__Aim of the exercise__: Starting with the first line of the records, write out each line exactly until you have included the line containing "Dallas Cowboys Pet Couch, Dallas".
*** Information supplied ***
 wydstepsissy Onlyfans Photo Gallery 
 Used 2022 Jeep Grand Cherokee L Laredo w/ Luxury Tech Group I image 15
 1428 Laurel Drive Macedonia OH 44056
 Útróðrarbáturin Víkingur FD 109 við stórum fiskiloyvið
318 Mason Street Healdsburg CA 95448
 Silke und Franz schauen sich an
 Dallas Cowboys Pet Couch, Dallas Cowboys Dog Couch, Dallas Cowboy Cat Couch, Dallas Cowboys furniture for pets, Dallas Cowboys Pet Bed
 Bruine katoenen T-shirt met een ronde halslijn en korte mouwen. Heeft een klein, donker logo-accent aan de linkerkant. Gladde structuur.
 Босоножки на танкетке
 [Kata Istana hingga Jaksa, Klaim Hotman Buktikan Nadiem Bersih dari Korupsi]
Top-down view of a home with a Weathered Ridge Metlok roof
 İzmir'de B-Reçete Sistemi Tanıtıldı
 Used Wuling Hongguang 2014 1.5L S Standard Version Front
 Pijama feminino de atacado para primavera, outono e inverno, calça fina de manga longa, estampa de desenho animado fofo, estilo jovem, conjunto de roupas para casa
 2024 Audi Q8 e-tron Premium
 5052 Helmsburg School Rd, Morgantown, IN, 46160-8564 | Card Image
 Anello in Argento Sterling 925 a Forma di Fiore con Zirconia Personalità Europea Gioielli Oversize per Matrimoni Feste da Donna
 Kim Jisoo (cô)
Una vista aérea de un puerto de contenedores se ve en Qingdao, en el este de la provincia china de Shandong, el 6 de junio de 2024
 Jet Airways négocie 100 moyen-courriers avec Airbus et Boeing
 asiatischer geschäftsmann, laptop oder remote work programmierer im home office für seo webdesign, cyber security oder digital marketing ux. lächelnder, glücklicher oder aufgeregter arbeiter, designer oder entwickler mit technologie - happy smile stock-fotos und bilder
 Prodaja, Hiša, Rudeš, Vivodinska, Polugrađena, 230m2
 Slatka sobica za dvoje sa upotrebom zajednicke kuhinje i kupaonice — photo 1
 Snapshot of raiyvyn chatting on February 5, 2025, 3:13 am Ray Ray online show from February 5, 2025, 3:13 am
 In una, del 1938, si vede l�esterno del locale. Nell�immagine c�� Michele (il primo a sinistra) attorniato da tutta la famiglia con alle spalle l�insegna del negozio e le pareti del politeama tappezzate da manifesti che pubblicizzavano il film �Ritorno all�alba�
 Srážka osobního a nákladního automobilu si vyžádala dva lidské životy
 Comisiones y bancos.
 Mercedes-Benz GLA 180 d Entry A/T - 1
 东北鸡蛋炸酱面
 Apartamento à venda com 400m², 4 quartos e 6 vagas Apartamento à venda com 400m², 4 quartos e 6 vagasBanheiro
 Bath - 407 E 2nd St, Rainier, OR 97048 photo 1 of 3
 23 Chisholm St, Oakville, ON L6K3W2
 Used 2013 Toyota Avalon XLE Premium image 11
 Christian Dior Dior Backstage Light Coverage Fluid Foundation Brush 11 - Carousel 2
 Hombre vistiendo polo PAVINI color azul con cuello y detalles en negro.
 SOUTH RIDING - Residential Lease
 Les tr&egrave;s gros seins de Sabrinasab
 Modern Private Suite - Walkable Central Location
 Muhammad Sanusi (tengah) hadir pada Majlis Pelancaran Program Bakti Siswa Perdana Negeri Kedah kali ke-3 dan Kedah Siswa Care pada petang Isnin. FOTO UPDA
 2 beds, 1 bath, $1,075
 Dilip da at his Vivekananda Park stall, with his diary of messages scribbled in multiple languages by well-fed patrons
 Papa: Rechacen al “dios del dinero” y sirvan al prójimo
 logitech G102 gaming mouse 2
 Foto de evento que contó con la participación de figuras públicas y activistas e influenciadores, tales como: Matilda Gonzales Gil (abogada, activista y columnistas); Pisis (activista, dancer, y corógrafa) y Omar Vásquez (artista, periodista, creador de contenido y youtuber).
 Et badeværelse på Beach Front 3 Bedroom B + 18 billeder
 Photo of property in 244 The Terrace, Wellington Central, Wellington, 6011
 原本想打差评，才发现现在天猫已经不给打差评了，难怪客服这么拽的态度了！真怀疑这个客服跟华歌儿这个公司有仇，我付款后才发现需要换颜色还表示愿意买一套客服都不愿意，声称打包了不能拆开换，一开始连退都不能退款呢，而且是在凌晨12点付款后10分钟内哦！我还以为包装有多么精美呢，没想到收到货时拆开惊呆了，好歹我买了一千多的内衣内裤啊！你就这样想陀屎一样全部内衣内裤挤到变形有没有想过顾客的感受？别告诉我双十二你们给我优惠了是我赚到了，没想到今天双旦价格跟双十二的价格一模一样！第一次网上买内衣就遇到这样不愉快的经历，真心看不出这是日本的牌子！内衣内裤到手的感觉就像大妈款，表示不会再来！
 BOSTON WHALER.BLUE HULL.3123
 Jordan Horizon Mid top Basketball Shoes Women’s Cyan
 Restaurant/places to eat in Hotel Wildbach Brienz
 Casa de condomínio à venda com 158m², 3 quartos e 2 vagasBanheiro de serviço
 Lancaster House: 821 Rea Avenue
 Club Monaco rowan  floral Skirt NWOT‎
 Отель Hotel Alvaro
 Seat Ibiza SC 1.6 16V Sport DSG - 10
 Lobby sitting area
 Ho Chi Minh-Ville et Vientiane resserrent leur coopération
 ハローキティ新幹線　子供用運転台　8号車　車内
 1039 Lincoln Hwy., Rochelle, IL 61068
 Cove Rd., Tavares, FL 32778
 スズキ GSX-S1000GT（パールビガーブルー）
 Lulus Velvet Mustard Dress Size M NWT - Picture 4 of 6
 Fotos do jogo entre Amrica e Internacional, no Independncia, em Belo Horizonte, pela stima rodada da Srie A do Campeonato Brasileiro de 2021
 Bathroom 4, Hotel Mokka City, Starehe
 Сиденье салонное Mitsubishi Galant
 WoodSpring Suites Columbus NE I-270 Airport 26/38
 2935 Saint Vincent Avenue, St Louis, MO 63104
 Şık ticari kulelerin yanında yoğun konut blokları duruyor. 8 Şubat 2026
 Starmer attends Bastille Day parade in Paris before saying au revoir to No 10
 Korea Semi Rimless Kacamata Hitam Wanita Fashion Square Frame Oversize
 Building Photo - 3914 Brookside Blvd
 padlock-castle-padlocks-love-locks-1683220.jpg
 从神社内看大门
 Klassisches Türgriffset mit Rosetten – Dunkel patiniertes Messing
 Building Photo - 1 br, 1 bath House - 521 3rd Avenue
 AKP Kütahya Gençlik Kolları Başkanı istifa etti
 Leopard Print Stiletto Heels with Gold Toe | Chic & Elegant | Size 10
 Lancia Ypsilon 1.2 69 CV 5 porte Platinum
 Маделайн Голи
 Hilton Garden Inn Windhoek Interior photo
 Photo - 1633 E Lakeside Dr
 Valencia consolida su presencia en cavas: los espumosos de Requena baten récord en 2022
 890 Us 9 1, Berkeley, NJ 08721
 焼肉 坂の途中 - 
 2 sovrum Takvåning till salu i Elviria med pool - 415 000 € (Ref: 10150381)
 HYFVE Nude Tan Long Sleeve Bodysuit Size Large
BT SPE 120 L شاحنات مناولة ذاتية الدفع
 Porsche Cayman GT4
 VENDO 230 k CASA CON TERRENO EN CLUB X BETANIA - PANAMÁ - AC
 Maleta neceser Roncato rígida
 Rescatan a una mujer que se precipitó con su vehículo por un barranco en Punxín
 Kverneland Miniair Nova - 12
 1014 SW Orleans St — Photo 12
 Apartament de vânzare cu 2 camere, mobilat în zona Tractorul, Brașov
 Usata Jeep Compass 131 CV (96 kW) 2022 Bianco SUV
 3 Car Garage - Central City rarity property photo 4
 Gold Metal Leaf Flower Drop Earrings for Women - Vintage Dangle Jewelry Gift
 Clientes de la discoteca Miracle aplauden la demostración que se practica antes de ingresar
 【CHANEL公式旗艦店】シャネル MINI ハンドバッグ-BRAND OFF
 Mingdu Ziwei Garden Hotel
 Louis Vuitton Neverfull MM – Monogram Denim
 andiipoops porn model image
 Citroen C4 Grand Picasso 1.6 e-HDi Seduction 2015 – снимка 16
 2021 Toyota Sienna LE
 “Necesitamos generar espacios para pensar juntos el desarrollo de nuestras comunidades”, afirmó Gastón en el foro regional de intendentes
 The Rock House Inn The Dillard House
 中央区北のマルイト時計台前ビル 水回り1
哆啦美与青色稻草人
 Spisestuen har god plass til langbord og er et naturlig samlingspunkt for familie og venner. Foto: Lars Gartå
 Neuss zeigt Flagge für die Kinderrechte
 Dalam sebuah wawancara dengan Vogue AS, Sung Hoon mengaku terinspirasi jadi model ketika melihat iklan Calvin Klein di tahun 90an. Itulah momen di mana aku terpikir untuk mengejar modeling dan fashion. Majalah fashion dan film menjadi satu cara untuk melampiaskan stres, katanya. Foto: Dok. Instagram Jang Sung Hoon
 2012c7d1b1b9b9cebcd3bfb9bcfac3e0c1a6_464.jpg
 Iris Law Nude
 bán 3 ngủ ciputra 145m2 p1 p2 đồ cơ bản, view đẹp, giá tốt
***
__Exercise output__:
 wydstepsissy Onlyfans Photo Gallery 
 Used 2022 Jeep Grand Cherokee L Laredo w/ Luxury Tech Group I image 15
 1428 Laurel Drive Macedonia OH 44056
 Útróðrarbáturin Víkingur FD 109 við stórum fiskiloyvið
318 Mason Street Healdsburg CA 95448
 Silke und Franz schauen sich an
 Dallas Cowboys Pet Couch, Dallas Cowboys Dog Couch, Dallas Cowboy Cat Couch, Dallas Cowboys furniture for pets, Dallas Cowboys Pet Bed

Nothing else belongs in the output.